One of the authors, Jennifer Jacquet, says the paper should spur a vigorous public response. “People should be mad,” she said. “And we should build a system where we can prevent this kind of influence.”

Comparing the meat and dairy industry with the fossil fuel industry is not a facile analogy. These industries have worked in tandem for years to undercut climate policy.

For example, in 2009, Tyson and other meat companies got nervous about the American Clean Energy and Security Act, also known as Waxman-Markey, which would have established a cap-and-trade system. They worked alongside the fossil fuel industry to stop the bill. Had it passed, it would’ve been the first congressional bill to directly tackle greenhouse gas emissions. But it never made it past the House.

Now, more information is coming to light about how big meat and dairy companies work against climate policies: through lobbying, through political campaigns, and through academic research.
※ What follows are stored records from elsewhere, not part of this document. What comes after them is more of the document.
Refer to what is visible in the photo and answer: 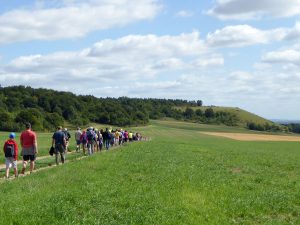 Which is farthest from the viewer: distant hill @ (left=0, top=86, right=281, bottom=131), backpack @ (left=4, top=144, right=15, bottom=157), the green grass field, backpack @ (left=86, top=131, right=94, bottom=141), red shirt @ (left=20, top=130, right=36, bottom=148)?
distant hill @ (left=0, top=86, right=281, bottom=131)

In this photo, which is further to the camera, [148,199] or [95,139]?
[95,139]

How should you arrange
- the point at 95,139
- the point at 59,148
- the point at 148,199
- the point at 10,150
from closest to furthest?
1. the point at 148,199
2. the point at 10,150
3. the point at 59,148
4. the point at 95,139

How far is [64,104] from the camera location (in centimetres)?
13375

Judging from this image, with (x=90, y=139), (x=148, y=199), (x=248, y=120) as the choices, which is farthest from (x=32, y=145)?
(x=248, y=120)

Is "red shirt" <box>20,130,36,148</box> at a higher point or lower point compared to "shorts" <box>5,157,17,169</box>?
higher

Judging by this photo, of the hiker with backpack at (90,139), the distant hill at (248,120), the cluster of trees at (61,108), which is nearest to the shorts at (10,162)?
the hiker with backpack at (90,139)

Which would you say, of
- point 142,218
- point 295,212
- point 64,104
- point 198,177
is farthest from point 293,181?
point 64,104

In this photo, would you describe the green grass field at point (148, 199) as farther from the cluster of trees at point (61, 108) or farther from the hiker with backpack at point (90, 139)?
the cluster of trees at point (61, 108)

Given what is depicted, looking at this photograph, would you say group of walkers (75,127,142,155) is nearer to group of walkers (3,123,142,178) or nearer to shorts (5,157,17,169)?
group of walkers (3,123,142,178)

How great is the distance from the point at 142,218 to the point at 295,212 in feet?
14.2

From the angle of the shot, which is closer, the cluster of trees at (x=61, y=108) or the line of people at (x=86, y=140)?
the line of people at (x=86, y=140)

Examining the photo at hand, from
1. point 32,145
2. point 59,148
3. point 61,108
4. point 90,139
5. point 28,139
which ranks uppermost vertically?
point 61,108

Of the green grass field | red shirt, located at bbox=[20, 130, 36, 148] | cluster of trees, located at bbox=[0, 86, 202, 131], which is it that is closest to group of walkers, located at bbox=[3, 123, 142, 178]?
red shirt, located at bbox=[20, 130, 36, 148]

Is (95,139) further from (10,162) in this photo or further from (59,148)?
(10,162) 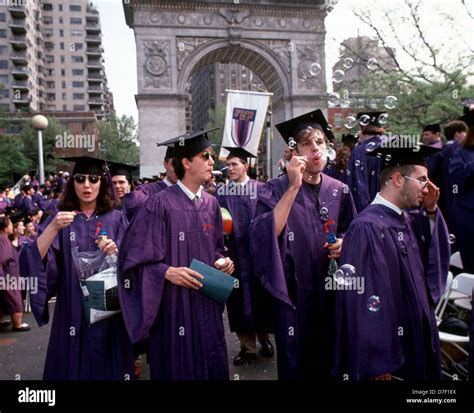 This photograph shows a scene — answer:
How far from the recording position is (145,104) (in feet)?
79.7

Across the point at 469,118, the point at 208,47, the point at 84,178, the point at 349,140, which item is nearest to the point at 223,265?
the point at 84,178

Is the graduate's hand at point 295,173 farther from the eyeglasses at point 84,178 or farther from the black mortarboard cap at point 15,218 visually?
the black mortarboard cap at point 15,218

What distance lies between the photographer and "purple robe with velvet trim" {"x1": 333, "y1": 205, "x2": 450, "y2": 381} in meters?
2.75

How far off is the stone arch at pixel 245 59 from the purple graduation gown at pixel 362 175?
20487 millimetres

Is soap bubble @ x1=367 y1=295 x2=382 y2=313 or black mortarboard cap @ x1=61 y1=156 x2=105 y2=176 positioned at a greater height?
black mortarboard cap @ x1=61 y1=156 x2=105 y2=176

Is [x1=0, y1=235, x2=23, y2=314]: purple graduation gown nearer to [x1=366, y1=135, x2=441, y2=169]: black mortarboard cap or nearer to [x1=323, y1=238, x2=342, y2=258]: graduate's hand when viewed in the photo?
[x1=323, y1=238, x2=342, y2=258]: graduate's hand

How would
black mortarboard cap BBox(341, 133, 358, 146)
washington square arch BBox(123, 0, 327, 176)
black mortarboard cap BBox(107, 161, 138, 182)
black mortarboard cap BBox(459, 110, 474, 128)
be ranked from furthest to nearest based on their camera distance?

How Big Meat lobbies against climate-friendly policies

Let’s start with lobbying.

It’s not a surprise that meat and dairy trade associations would lobby for things like access to federally owned public lands for cattle-grazing or industry-friendly manure management regulations. That’s more or less their raison d’être, and it’s what they’ve done for decades. But as the authors determined, “more recently they have been involved in blocking climate policy that would limit production.”

Six of the big US groups — the National Cattlemen’s Beef Association, the National Pork Producers Council, the North American Meat Institute, the National Chicken Council, the International Dairy Foods Association, and the American Farm Bureau Federation — have together spent about $200 million in lobbying since 2000. And they’ve been lobbying annually against climate policies like cap-and-trade, the Clean Air Act, and regulations that would require farms to report emissions.
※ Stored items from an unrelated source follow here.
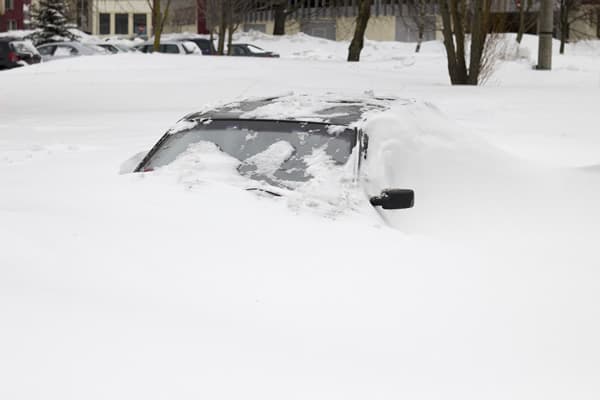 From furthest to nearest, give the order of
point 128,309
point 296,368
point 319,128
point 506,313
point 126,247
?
point 319,128 → point 126,247 → point 506,313 → point 128,309 → point 296,368

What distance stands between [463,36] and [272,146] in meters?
16.1

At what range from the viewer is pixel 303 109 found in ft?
23.6

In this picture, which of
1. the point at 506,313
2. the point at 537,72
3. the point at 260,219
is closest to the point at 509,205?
the point at 260,219

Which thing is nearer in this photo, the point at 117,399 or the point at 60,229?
the point at 117,399

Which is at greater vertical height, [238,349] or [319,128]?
[319,128]

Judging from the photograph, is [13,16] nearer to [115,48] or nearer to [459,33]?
[115,48]

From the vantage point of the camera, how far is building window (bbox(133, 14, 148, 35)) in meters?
82.1

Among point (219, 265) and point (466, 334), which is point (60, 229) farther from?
point (466, 334)

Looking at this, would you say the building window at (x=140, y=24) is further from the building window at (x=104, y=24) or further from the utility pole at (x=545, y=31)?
the utility pole at (x=545, y=31)

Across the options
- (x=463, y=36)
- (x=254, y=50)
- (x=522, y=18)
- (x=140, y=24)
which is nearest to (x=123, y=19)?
(x=140, y=24)

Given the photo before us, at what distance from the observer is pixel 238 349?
4035mm

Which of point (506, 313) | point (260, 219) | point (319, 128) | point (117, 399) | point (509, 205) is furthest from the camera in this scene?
point (509, 205)

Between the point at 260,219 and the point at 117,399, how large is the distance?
232 cm

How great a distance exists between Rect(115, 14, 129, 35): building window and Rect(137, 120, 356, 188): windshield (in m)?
77.5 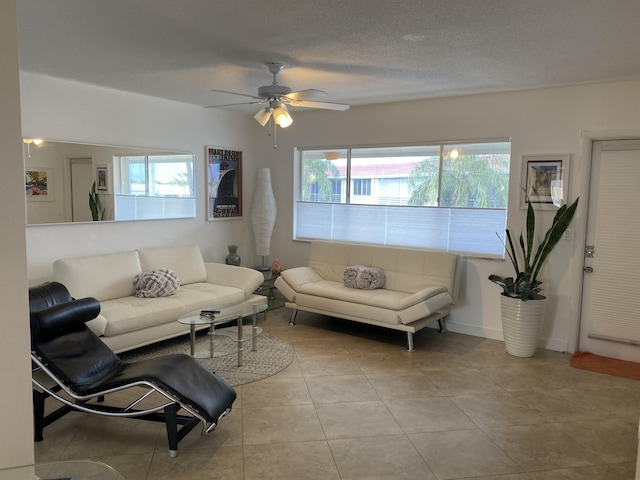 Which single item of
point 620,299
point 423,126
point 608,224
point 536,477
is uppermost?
point 423,126

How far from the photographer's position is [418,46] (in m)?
3.25

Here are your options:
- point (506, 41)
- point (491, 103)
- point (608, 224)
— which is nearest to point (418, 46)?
point (506, 41)

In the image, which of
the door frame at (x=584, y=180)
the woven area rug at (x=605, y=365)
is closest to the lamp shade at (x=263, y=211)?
the door frame at (x=584, y=180)

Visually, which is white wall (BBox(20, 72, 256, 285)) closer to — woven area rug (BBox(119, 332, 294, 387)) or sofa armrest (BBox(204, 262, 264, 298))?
sofa armrest (BBox(204, 262, 264, 298))

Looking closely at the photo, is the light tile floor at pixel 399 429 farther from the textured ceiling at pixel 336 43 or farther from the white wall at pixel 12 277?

Individual meat companies likewise spend millions on lobbying. Tyson, for example, has spent $25 million since 2000. Now, that may not sound like much if we compare it to what individual companies in the fossil fuel industry spend — Exxon alone spent over $240 million during the same period. But the study notes that we have to look at these amounts in proportion to each company’s bottom line. Taken as a share of total revenue over the past two decades, Tyson has spent 33 percent more on lobbying than Exxon has.
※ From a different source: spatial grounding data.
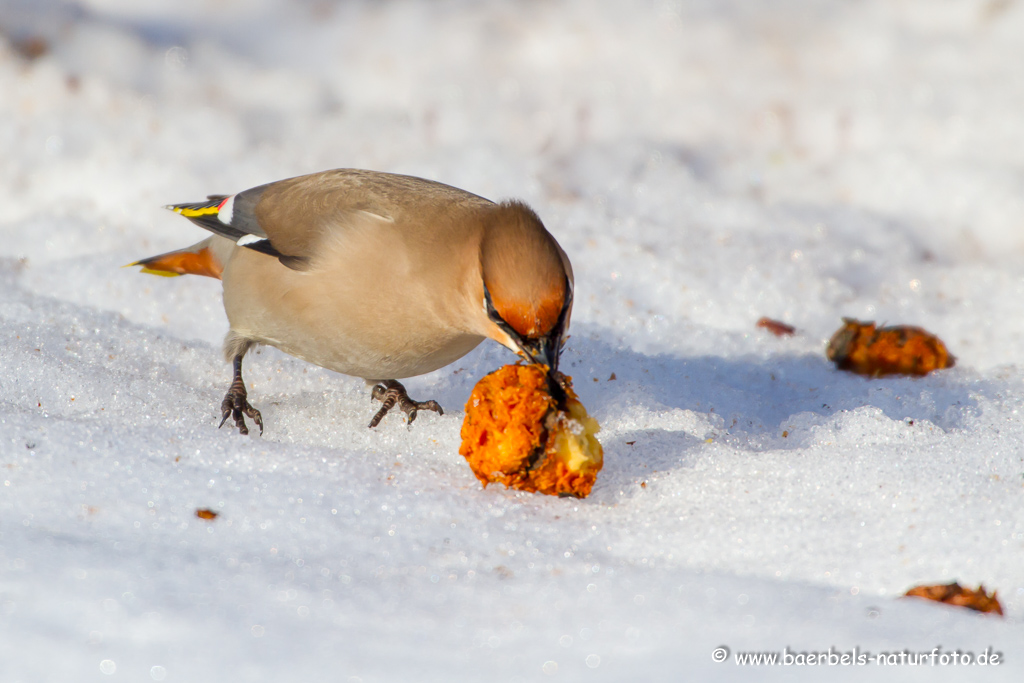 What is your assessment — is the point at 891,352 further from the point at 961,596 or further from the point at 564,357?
the point at 961,596

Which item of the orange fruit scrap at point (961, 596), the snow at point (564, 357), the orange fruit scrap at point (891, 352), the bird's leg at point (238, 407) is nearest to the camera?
the snow at point (564, 357)

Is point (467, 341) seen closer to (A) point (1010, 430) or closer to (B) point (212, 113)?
(A) point (1010, 430)

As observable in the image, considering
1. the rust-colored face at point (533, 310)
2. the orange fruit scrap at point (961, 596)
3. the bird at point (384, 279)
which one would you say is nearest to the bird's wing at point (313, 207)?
the bird at point (384, 279)

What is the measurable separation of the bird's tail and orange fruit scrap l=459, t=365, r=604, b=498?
5.06ft

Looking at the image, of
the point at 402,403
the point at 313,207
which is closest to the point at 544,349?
the point at 402,403

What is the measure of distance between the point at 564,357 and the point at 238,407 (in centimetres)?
113

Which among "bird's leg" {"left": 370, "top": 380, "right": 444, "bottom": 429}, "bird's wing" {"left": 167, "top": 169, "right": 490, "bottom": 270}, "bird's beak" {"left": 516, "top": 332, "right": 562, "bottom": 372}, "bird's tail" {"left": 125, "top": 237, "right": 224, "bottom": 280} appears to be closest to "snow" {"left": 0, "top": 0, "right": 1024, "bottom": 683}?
"bird's leg" {"left": 370, "top": 380, "right": 444, "bottom": 429}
“The relative spending is very much an indicator of political engagement,” Jacquet said.

These figures refer to meat companies’ total spending on lobbying, not only climate-specific lobbying. That said, even policies that are not explicitly about climate — like crop incentives or land-use decisions — can also drive harmful emissions.

When Big Meat gets involved in political campaigns

The study also found that the big US meat companies have spent millions on political campaigns, typically to support Republican candidates.

Again, these companies are big spenders in this arena relative to their bottom line. Since 2000, Exxon spent about $17 million on US federal political campaigns, while Tyson spent $3.2 million. “But taken as a share of each company’s total revenue over that period, Tyson has spent double what Exxon has on political campaigns,” the study notes.

Meat and dairy companies bankroll candidates because it pays off. Members of Congress they’ve funded, like Rep. Pete Sessions (R-TX), Sen. Saxby Chambliss (R-GA), and Rep. Roy Blunt (R-MO), have backed pro-agriculture bills and frequently voted against climate change legislation, including cap-and-trade.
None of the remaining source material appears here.